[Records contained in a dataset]
=== Section Start ===

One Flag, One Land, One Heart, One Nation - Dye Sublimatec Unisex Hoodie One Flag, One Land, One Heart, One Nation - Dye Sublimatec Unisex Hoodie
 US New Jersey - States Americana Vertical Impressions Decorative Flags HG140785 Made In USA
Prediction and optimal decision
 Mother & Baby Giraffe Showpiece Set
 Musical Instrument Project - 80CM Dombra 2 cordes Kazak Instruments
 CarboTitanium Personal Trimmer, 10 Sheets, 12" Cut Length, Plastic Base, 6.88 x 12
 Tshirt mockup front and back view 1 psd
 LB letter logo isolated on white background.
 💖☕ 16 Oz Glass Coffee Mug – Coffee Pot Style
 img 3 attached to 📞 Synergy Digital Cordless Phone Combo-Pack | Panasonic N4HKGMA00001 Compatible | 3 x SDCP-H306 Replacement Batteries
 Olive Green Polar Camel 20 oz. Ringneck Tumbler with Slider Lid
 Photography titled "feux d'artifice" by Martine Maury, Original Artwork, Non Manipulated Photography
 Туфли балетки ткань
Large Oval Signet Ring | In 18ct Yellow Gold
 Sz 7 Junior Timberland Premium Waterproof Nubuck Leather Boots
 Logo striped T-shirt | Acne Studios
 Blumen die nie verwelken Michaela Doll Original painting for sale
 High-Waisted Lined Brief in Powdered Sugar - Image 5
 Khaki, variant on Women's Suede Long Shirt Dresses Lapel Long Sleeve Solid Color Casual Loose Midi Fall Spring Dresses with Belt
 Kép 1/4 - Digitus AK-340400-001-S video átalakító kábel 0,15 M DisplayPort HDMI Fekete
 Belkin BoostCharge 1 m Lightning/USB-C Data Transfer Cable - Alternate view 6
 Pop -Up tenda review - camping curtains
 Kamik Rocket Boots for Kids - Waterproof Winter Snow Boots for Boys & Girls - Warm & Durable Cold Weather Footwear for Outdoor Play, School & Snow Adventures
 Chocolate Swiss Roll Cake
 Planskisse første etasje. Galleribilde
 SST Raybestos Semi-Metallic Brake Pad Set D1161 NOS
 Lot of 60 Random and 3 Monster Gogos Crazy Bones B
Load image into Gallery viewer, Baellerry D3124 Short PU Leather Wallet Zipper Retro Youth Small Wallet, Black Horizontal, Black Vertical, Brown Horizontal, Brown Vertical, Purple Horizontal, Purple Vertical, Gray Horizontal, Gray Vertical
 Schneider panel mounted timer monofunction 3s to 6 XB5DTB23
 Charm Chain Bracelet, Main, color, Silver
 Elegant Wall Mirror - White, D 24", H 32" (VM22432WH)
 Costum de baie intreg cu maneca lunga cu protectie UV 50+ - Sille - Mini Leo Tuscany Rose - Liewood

=== Section End ===

## Assigned task
Copy out each line above, character for character.

## Task response
One Flag, One Land, One Heart, One Nation - Dye Sublimatec Unisex Hoodie One Flag, One Land, One Heart, One Nation - Dye Sublimatec Unisex Hoodie
 US New Jersey - States Americana Vertical Impressions Decorative Flags HG140785 Made In USA
Prediction and optimal decision
 Mother & Baby Giraffe Showpiece Set
 Musical Instrument Project - 80CM Dombra 2 cordes Kazak Instruments
 CarboTitanium Personal Trimmer, 10 Sheets, 12" Cut Length, Plastic Base, 6.88 x 12
 Tshirt mockup front and back view 1 psd
 LB letter logo isolated on white background.
 💖☕ 16 Oz Glass Coffee Mug – Coffee Pot Style
 img 3 attached to 📞 Synergy Digital Cordless Phone Combo-Pack | Panasonic N4HKGMA00001 Compatible | 3 x SDCP-H306 Replacement Batteries
 Olive Green Polar Camel 20 oz. Ringneck Tumbler with Slider Lid
 Photography titled "feux d'artifice" by Martine Maury, Original Artwork, Non Manipulated Photography
 Туфли балетки ткань
Large Oval Signet Ring | In 18ct Yellow Gold
 Sz 7 Junior Timberland Premium Waterproof Nubuck Leather Boots
 Logo striped T-shirt | Acne Studios
 Blumen die nie verwelken Michaela Doll Original painting for sale
 High-Waisted Lined Brief in Powdered Sugar - Image 5
 Khaki, variant on Women's Suede Long Shirt Dresses Lapel Long Sleeve Solid Color Casual Loose Midi Fall Spring Dresses with Belt
 Kép 1/4 - Digitus AK-340400-001-S video átalakító kábel 0,15 M DisplayPort HDMI Fekete
 Belkin BoostCharge 1 m Lightning/USB-C Data Transfer Cable - Alternate view 6
 Pop -Up tenda review - camping curtains
 Kamik Rocket Boots for Kids - Waterproof Winter Snow Boots for Boys & Girls - Warm & Durable Cold Weather Footwear for Outdoor Play, School & Snow Adventures
 Chocolate Swiss Roll Cake
 Planskisse første etasje. Galleribilde
 SST Raybestos Semi-Metallic Brake Pad Set D1161 NOS
 Lot of 60 Random and 3 Monster Gogos Crazy Bones B
Load image into Gallery viewer, Baellerry D3124 Short PU Leather Wallet Zipper Retro Youth Small Wallet, Black Horizontal, Black Vertical, Brown Horizontal, Brown Vertical, Purple Horizontal, Purple Vertical, Gray Horizontal, Gray Vertical
 Schneider panel mounted timer monofunction 3s to 6 XB5DTB23
 Charm Chain Bracelet, Main, color, Silver
 Elegant Wall Mirror - White, D 24", H 32" (VM22432WH)
 Costum de baie intreg cu maneca lunga cu protectie UV 50+ - Sille - Mini Leo Tuscany Rose - Liewood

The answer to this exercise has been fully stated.